Take every record and write it out again exactly, with no images included.

Records excerpted from a collection
- Opening Delimiter -
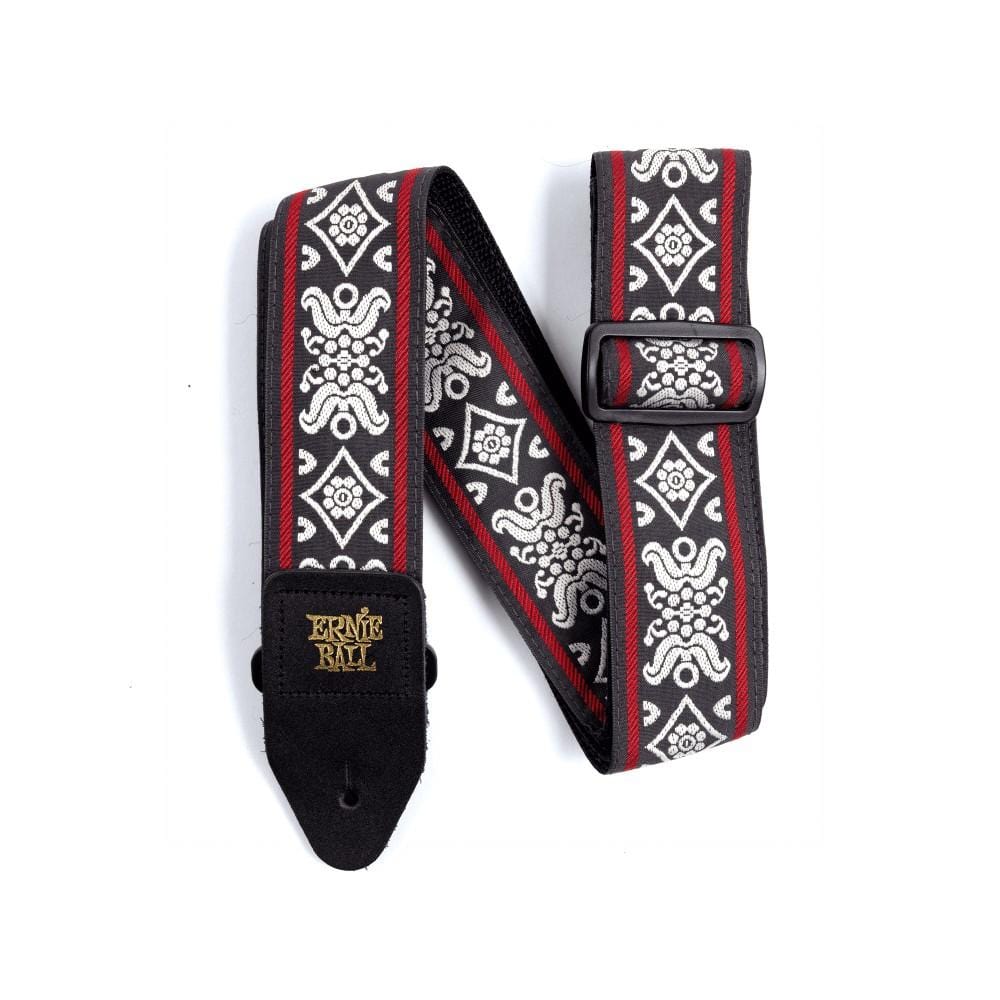 Ernie Ball Classic Jacquard Guitar Strap - Image 10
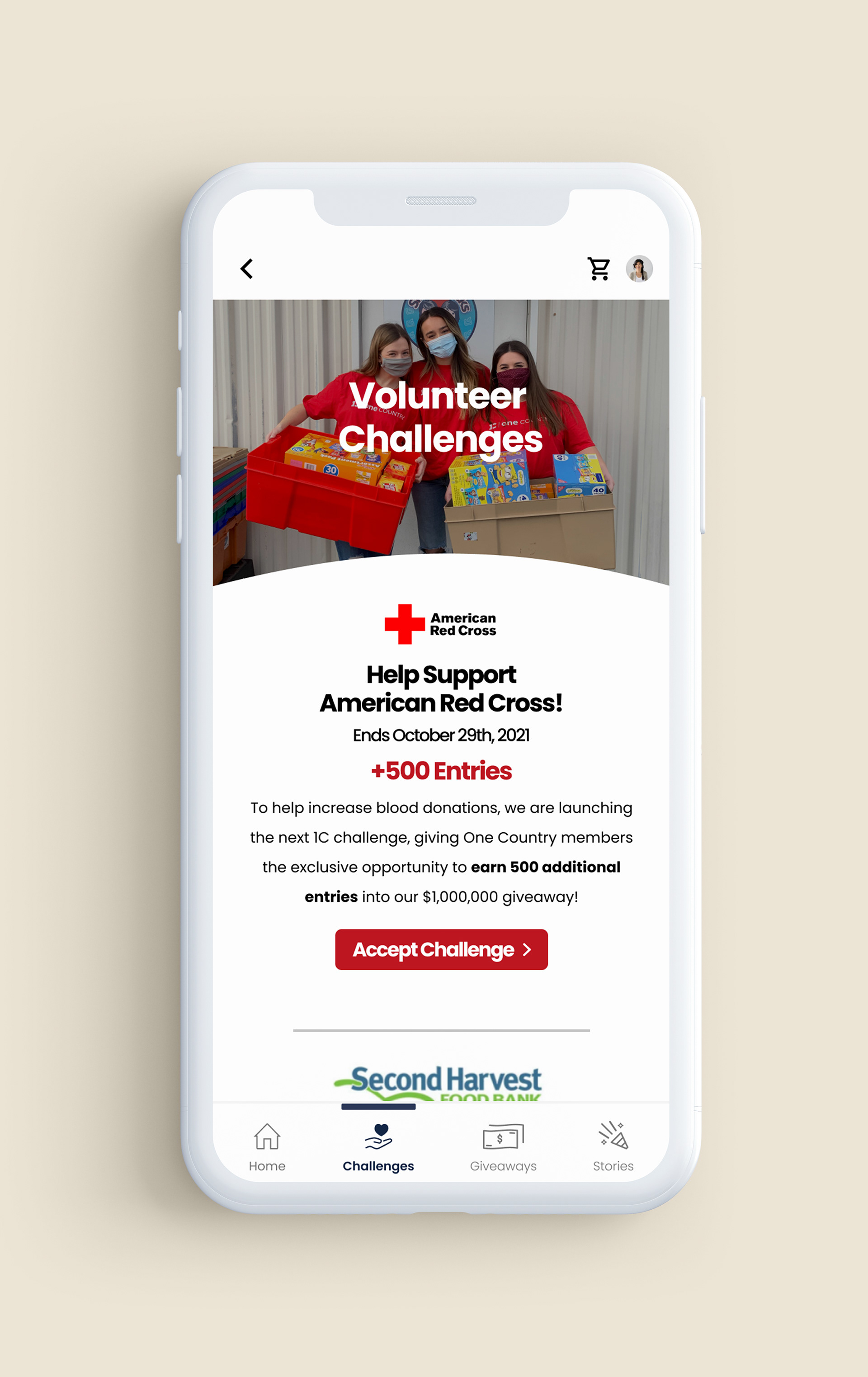 Challenges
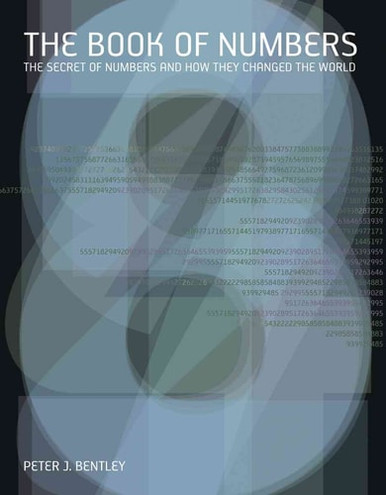 The Book of Numbers - Labyrinth Books
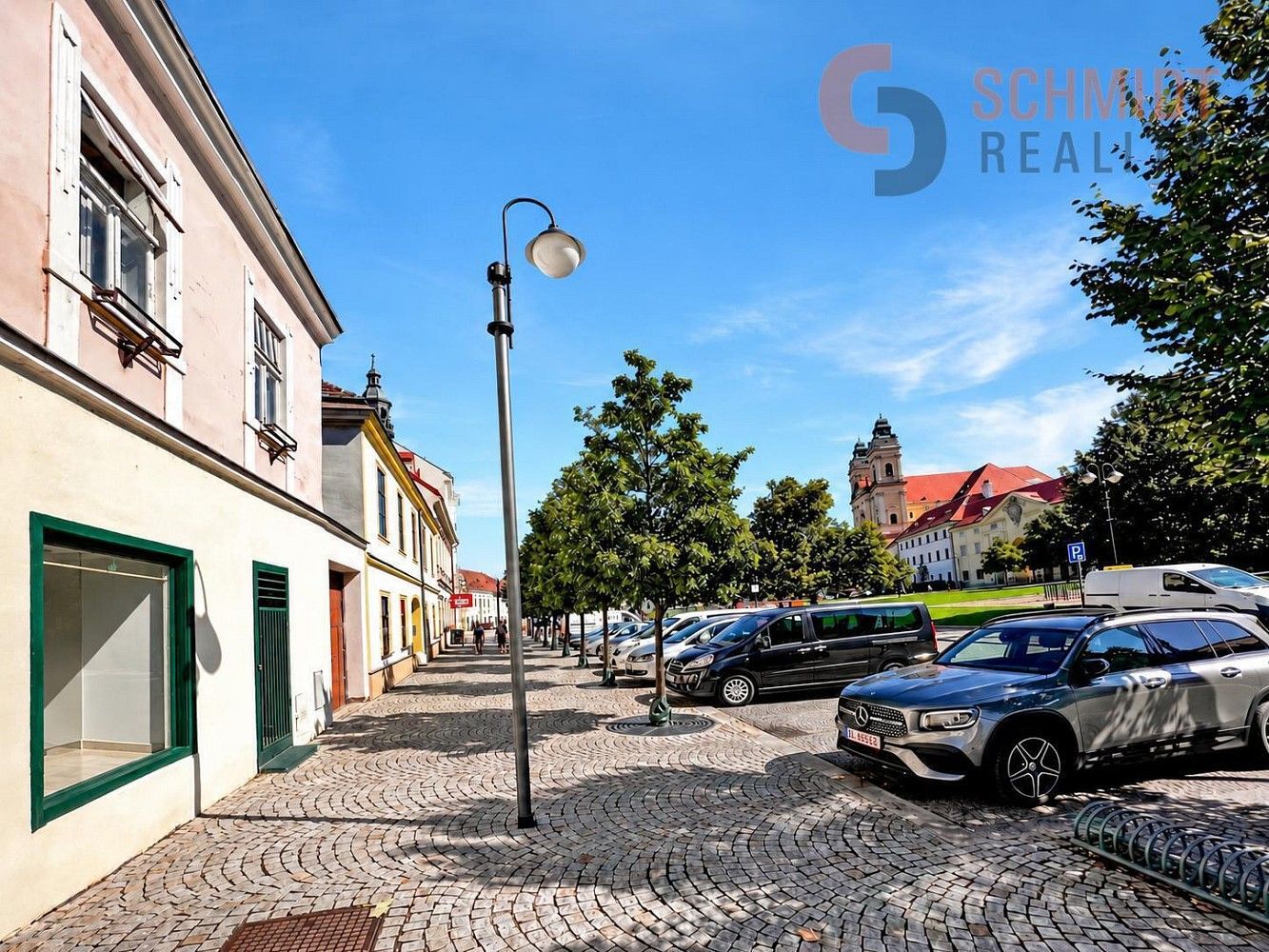 Rodinný dům, 268 m²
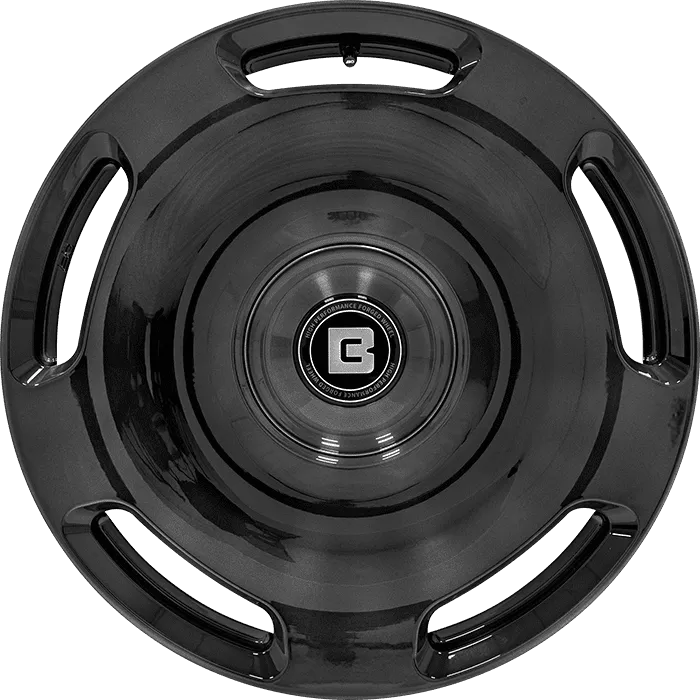 Gloss Black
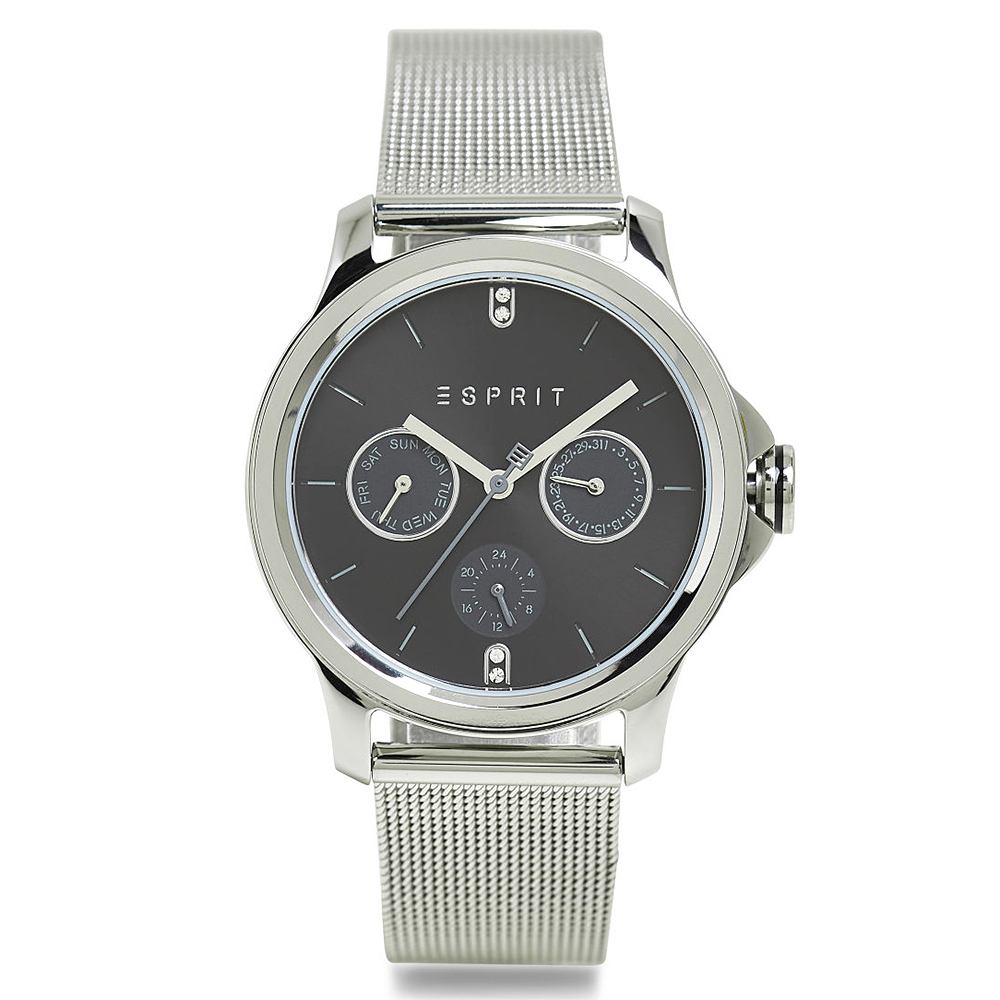 Esprit ES1L145M0065 zegarek damski Damskie - miniatura 2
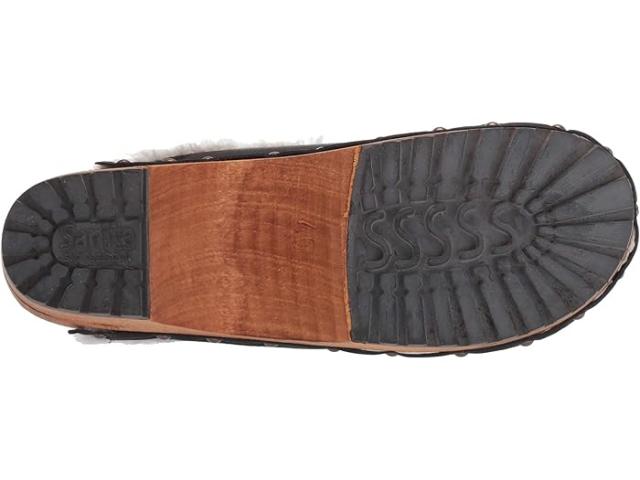 (取寄) サニタ レディース ヘセ Sanita women Sanita Hese Black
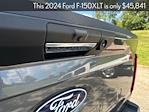 2024 Ford F-150 SuperCrew Cab 4x2, Pickup for sale #D42490 - photo 55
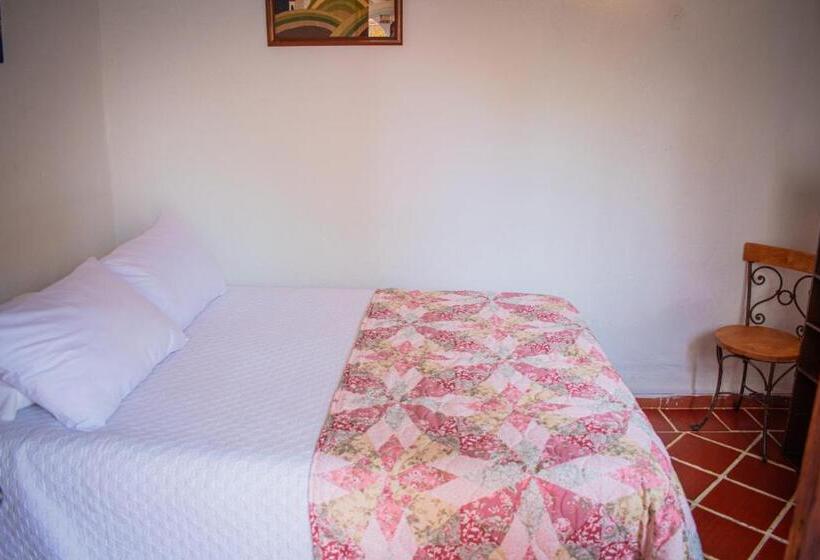 호텔 Alojamiento Jaw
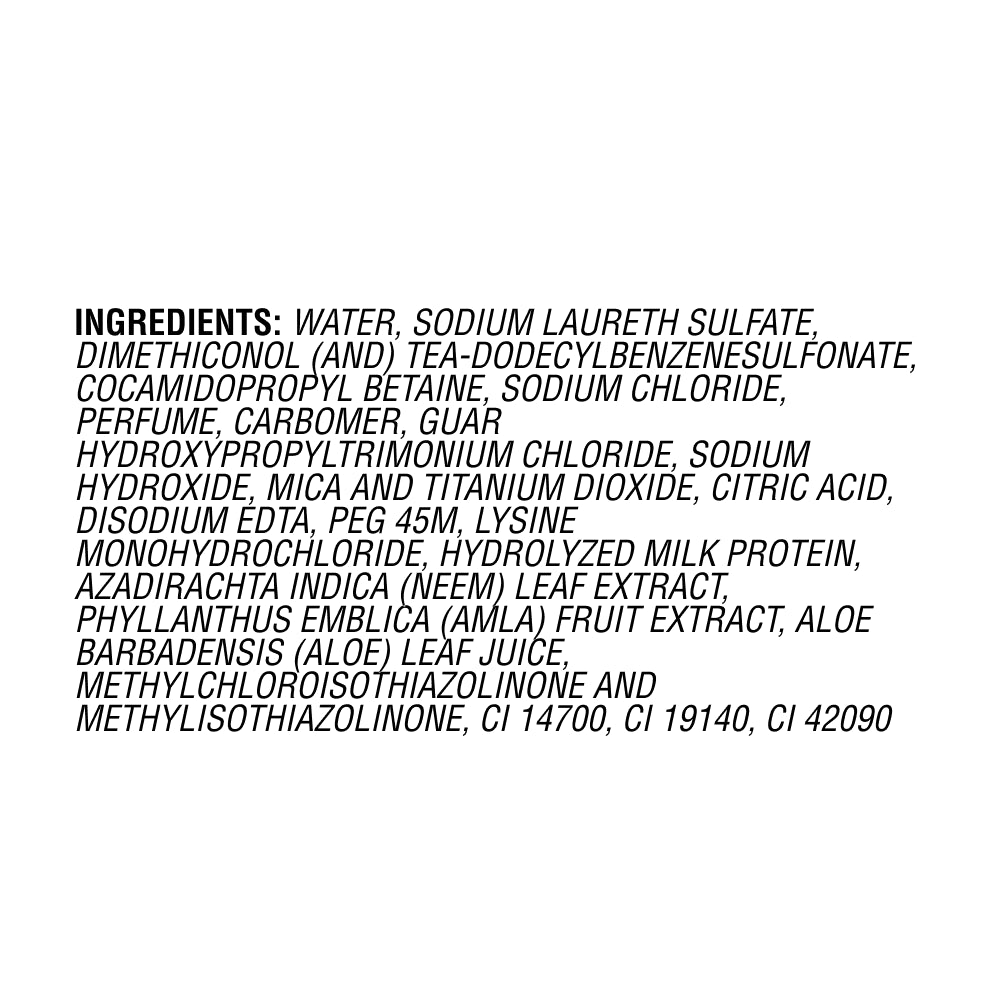 Lifebuoy Shampoo Herbal 175Ml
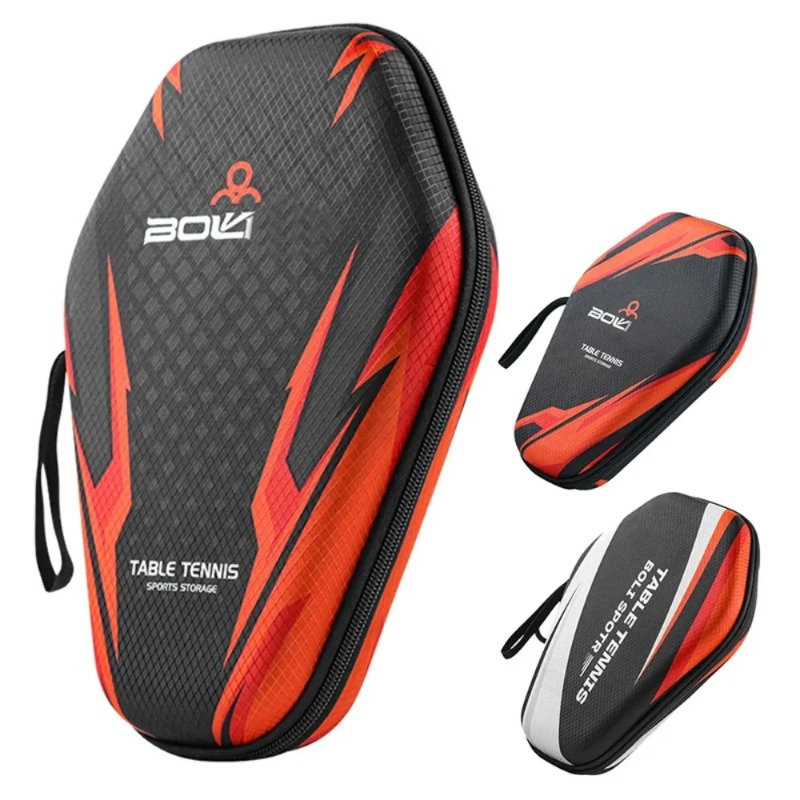 1pcs Table Tennis Racket Bags  - Table Tennis Hong Kong recensione e prezzo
- Closing Delimiter -
Answer box:
 Ernie Ball Classic Jacquard Guitar Strap - Image 10
 Challenges
 The Book of Numbers - Labyrinth Books
 Rodinný dům, 268 m²
 Gloss Black
 Esprit ES1L145M0065 zegarek damski Damskie - miniatura 2
 (取寄) サニタ レディース ヘセ Sanita women Sanita Hese Black
 2024 Ford F-150 SuperCrew Cab 4x2, Pickup for sale #D42490 - photo 55
 호텔 Alojamiento Jaw
 Lifebuoy Shampoo Herbal 175Ml
 1pcs Table Tennis Racket Bags  - Table Tennis Hong Kong recensione e prezzo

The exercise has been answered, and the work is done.